Judge Denies Injunction Request by Starbuds in Grow License Denial Case

A Denver District Court judge has given the owners of Starbuds until Sept. 3 to finish harvesting the maturing plants in its grow facility, after which they must destroy any that remain, according to a report by the Denver Post.

The order comes after Judge Ross B.H. Buchanan denied the company’s preliminary injunction request against the denial of a routine cultivation license by Department of Excise and Licenses Executive Director Stacie Loucks.

The denial is the first ever by the city; made on the grounds that the grow operation is a detriment to the residents’ quality of life and hindered the neighborhood’s prospects for improvement. Starbuds says that their renewal should not have been up for an administrative hearing, which sparked the community protest.
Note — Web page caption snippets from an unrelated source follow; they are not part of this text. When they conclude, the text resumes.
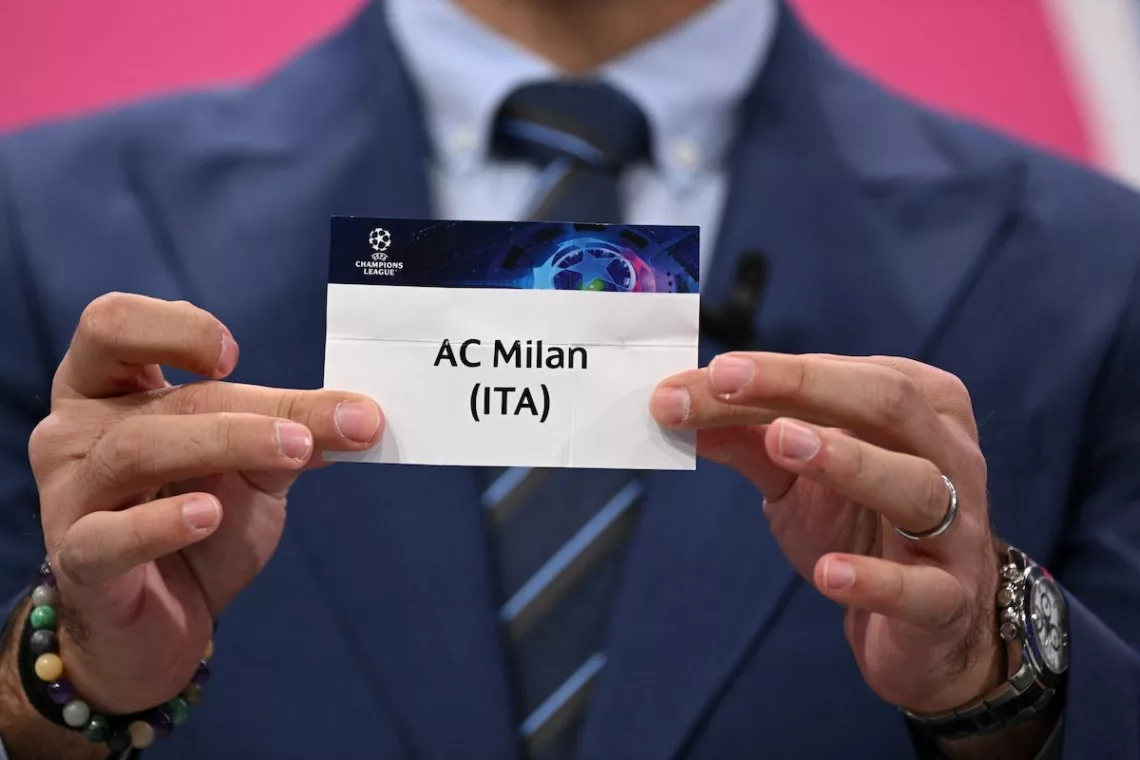 Champions League's ambassador Turkish former footballer Hamit Altintop shows the paper slip of AC Milan during the draw for the round of 16 of the 2022-2023 UEFA Champions League football tournament in Nyon on November 7, 2022. (Photo by Fabrice COFFRINI / AFP) (Photo by FABRICE COFFRINI/AFP via Getty Images)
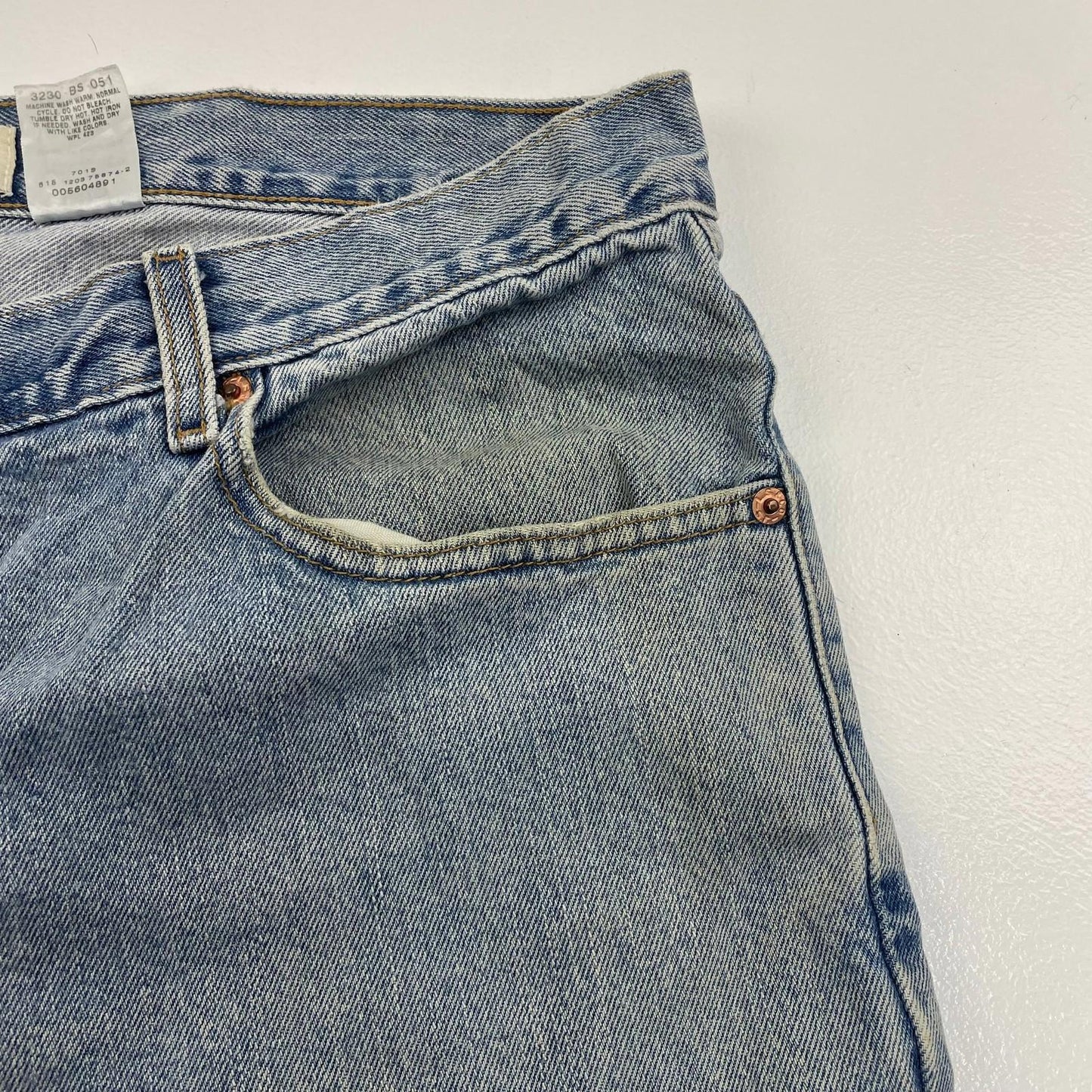 LEVI'S 560 Vintage Jeans Relaxed Fit Light Blue Denim Mens W36 L32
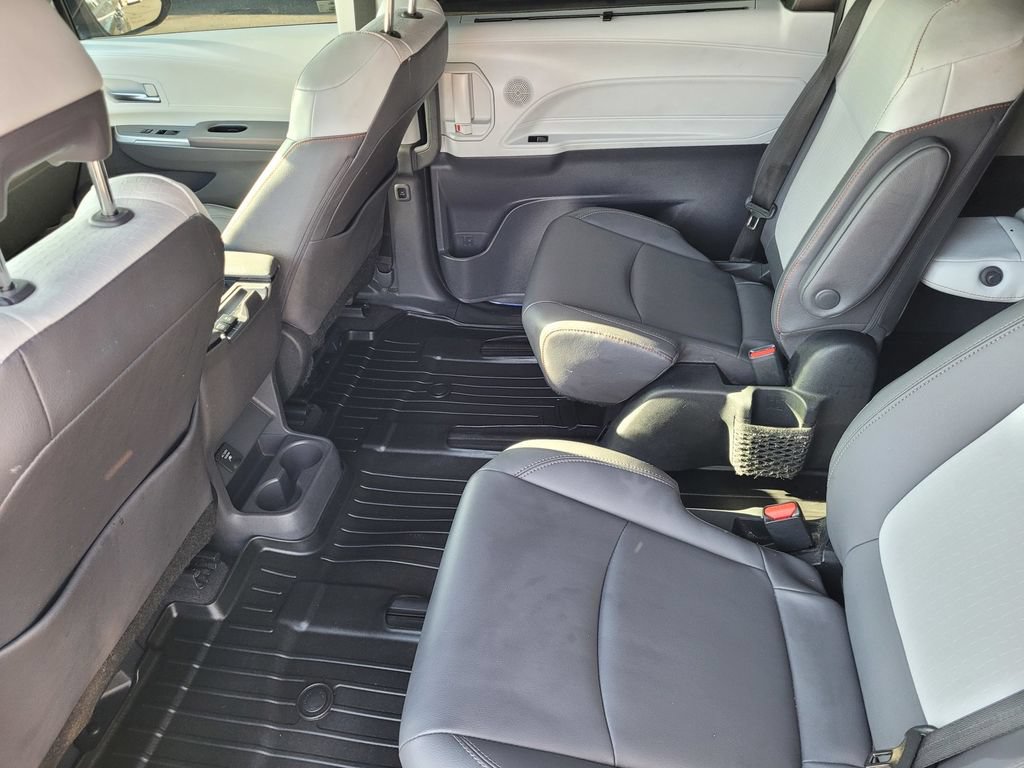 Used 2022 Toyota Sienna XSE w/ XSE Plus Package AWD/4WD image 11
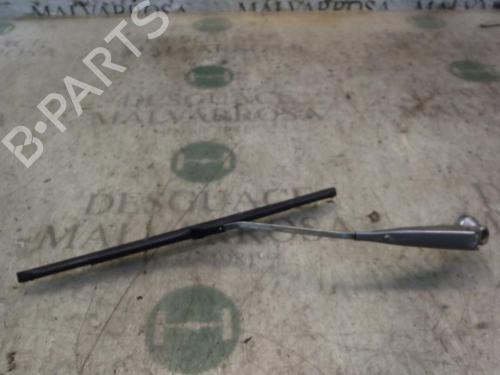 Used Front windshield wiper arm SEAT 600 (110B) 0.8 (23 hp) 9121976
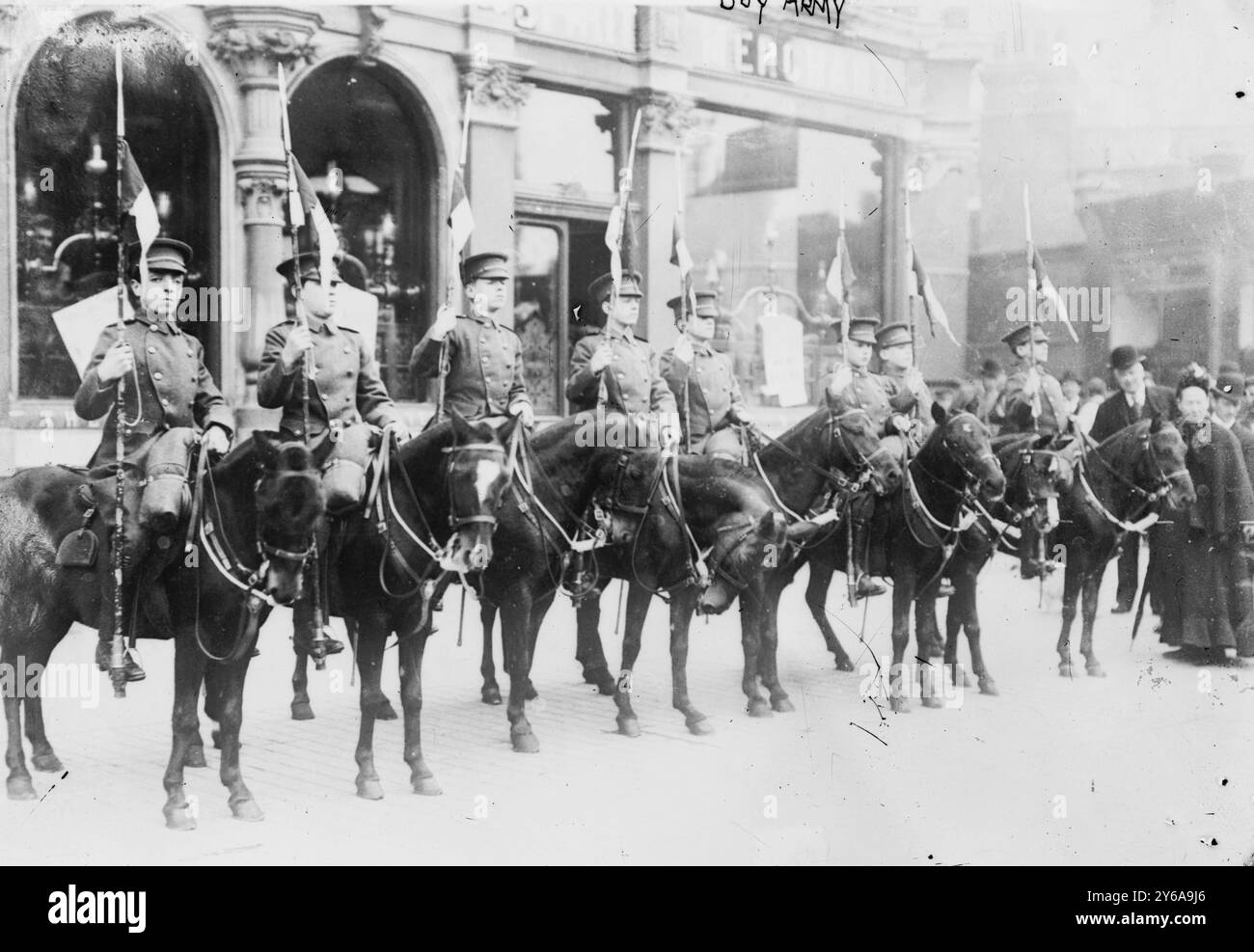 Boy Army- Boy Scouts, Londres. Sept garçons, en uniforme, tous montés à cheval., Londres, négatifs en verre, 1 négatif : verre ; 5 x 7 po. ou plus petit. Banque D'Images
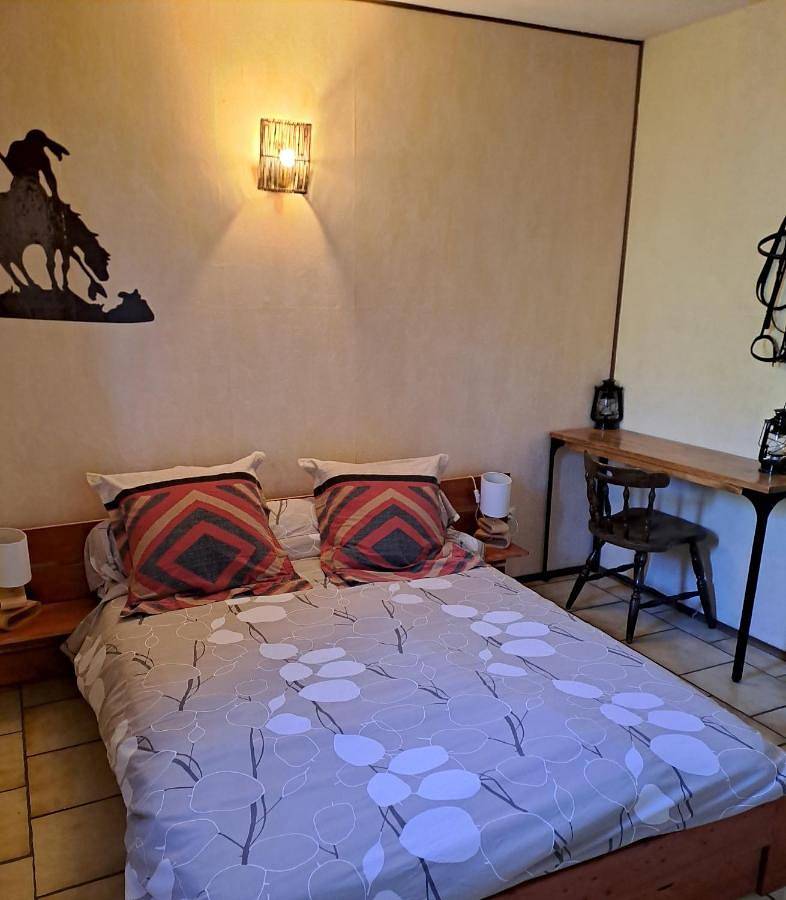 Five-Bedroom House in Entrevaux, Région Castellane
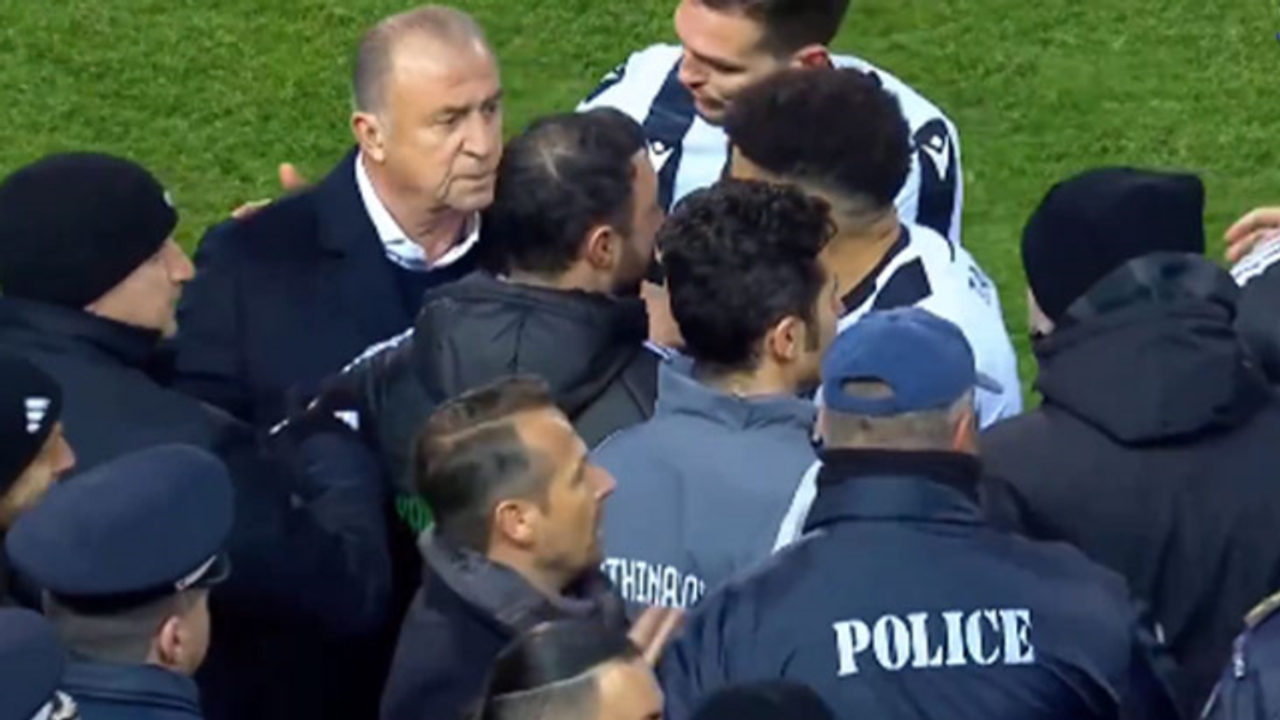 Fatih Terim ile Lucescu'nun oğlu birbirine girdi! Polis zor ayırdı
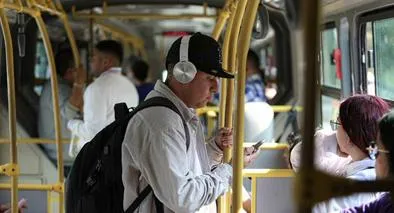 Con nuevo salario, trabajadores en Colombia deben hacer otras cuentas para pago extra
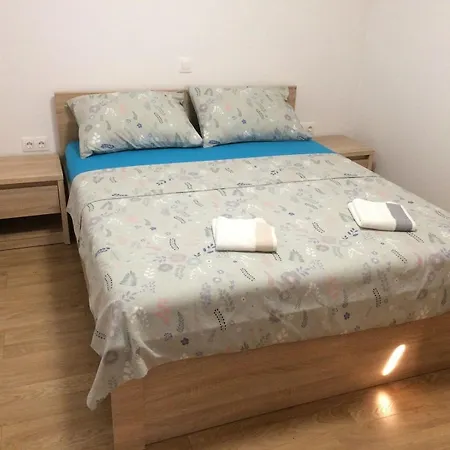 Ferienwohnung In Mit Terrasse, Gemeinsamem Pool Und Grill Und Panoramablick *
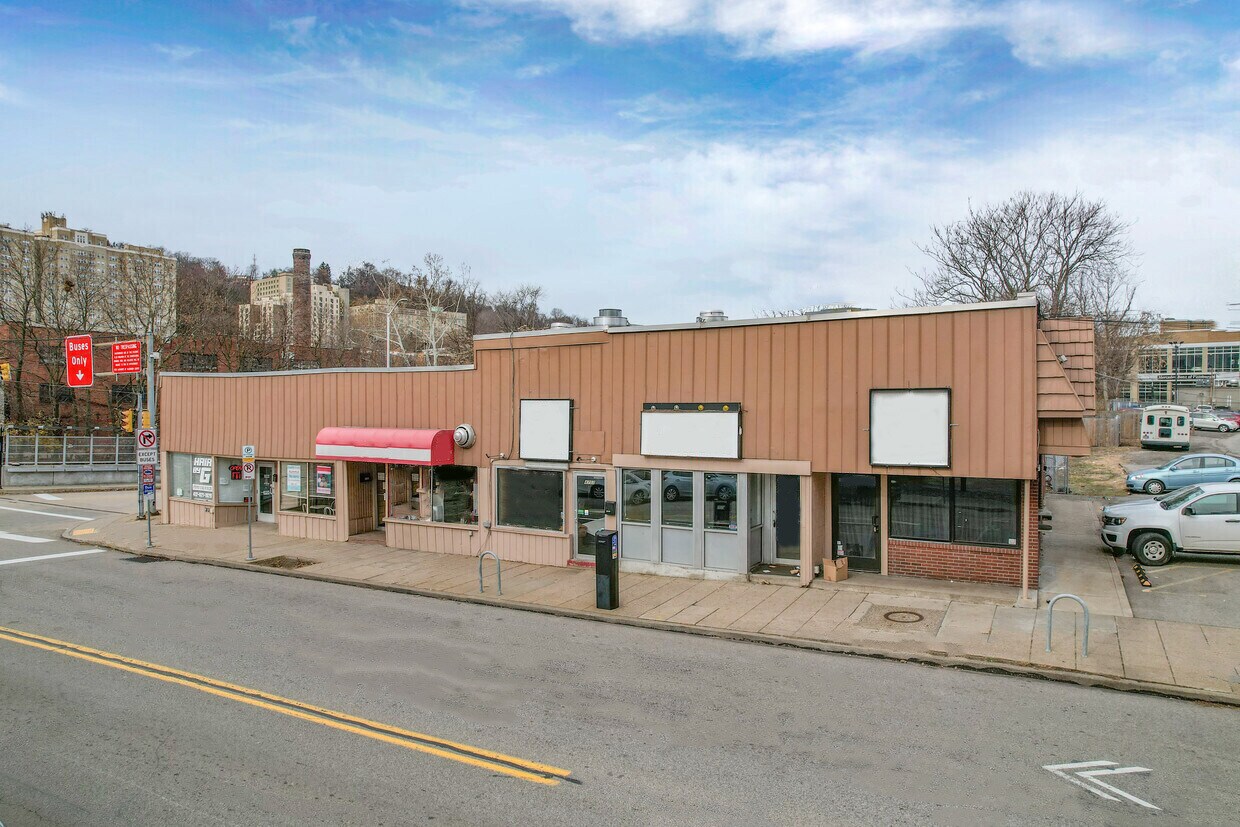 4701-4711 Centre Ave, Pittsburgh, PA à vendre Photo de l’immeuble– Image 1 sur 7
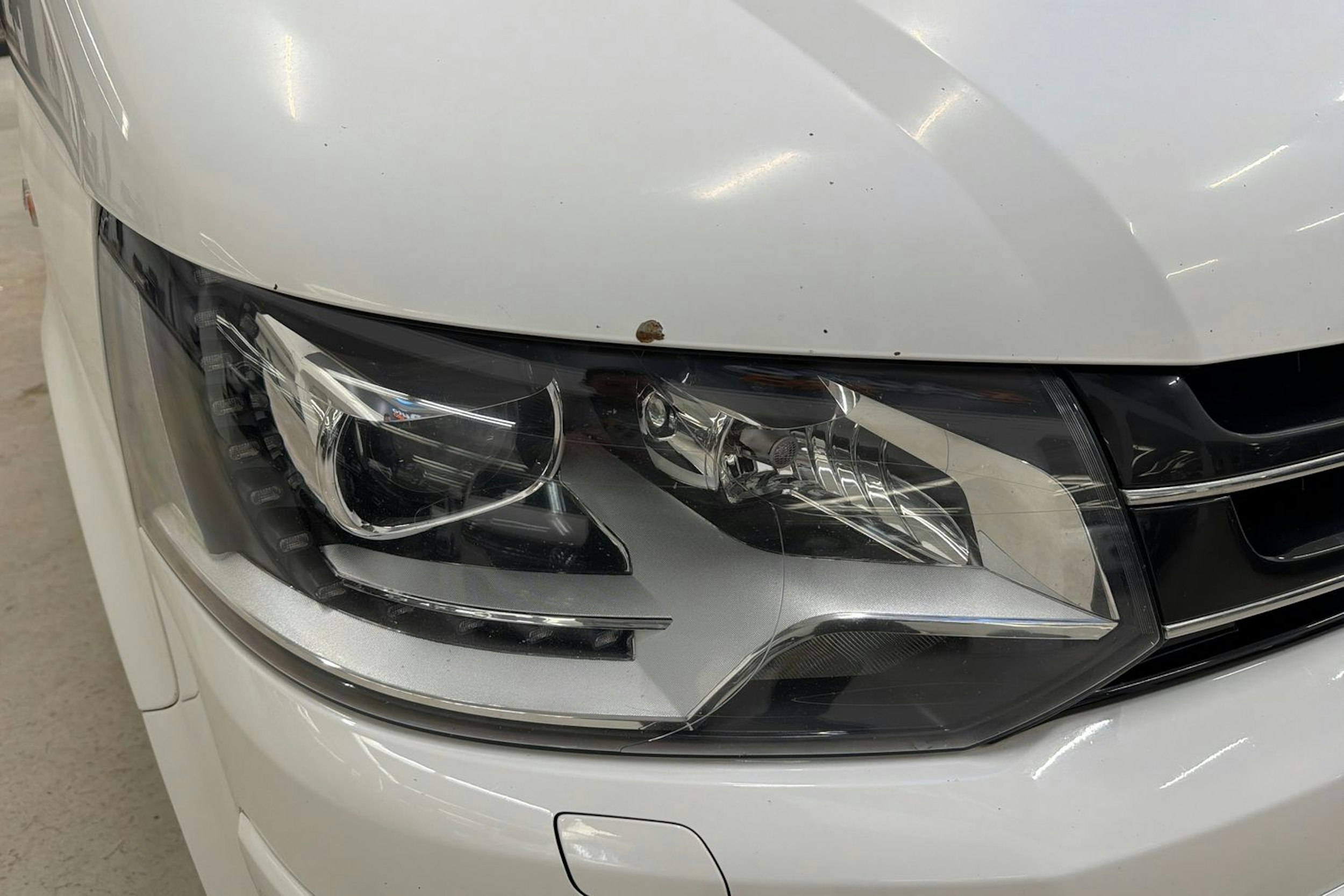 valkoinen Volkswagen Transporter 2014 kuva 27.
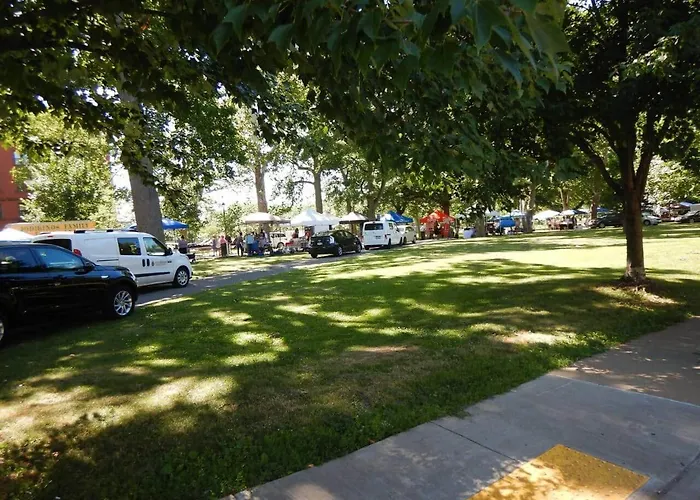 3 Beds, Homey, Spacious, Stadiums, Free Parking, Parks *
City attorneys plan on filing a motion asking the judge to dismiss the case. However, according to Starbuds attorney Jim McTurnan, if the chain survives the motion the judge could consider the injunction challenge more fully. He said Buchanan used a broad interpretation of the marijuana code, giving the excise department leeway to decide when to hold administrative hearings, which would be “problematic for the industry.”

“We’re certainly concerned about what precedent this might set,” McTurnan said in the report.

Last month, the City Council passed an odor-control ordinance aimed at stemming cannabis cultivation odors which take effect next year. Starbuds has already installed four carbon filters at the grow site in response to community pushback.